BEGIN

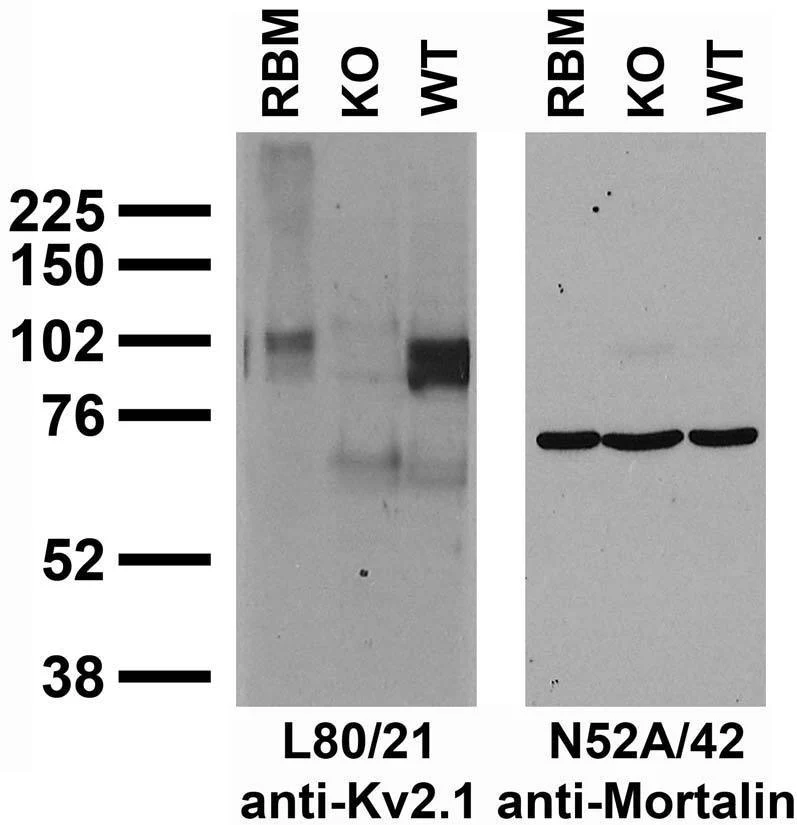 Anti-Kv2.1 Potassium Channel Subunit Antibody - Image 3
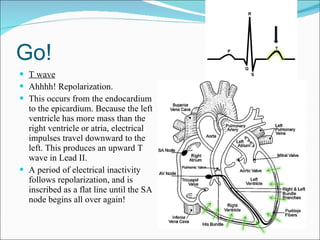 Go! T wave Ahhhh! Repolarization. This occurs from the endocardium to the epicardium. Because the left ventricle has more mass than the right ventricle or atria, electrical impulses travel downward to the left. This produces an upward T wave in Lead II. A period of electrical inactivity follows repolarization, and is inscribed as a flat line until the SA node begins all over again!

END
BEGIN

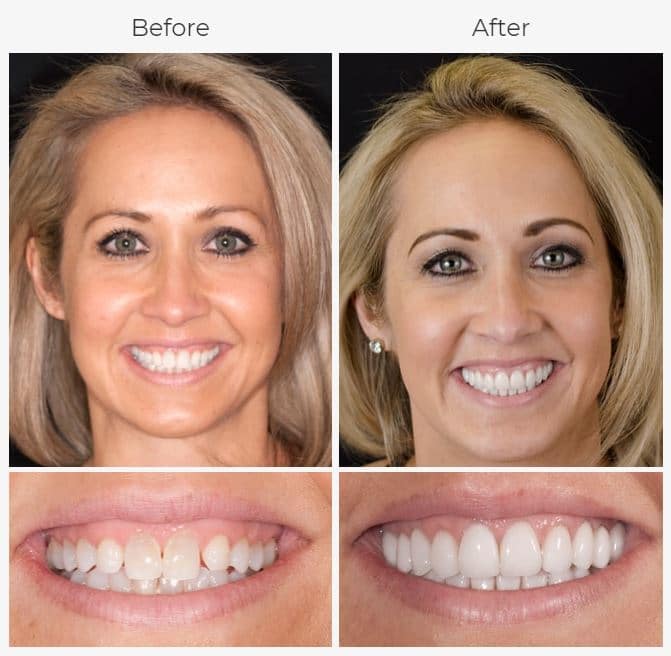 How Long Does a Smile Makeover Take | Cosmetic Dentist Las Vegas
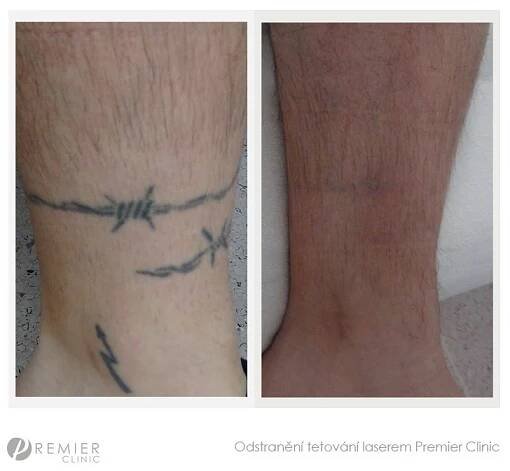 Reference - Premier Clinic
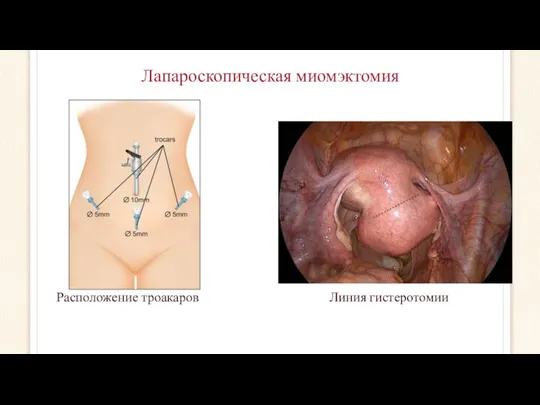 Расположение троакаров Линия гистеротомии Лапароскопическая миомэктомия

END
BEGIN

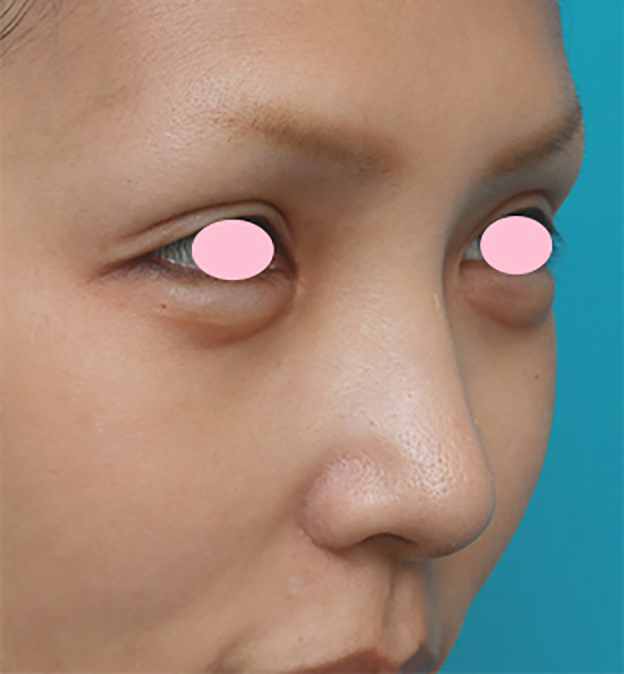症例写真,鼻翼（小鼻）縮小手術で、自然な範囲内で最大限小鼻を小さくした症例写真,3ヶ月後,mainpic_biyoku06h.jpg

END

**GOAL OF THE EXERCISE:** From the listing above, restate verbatim the lines running from the one with "Anti-Kv2.1 Potassium Channel" through the one with "Go! T wave Ahhhh!", inclusive, but not the pictures.

**ANSWER:**
 Anti-Kv2.1 Potassium Channel Subunit Antibody - Image 3
 Go! T wave Ahhhh! Repolarization. This occurs from the endocardium to the epicardium. Because the left ventricle has more mass than the right ventricle or atria, electrical impulses travel downward to the left. This produces an upward T wave in Lead II. A period of electrical inactivity follows repolarization, and is inscribed as a flat line until the SA node begins all over again!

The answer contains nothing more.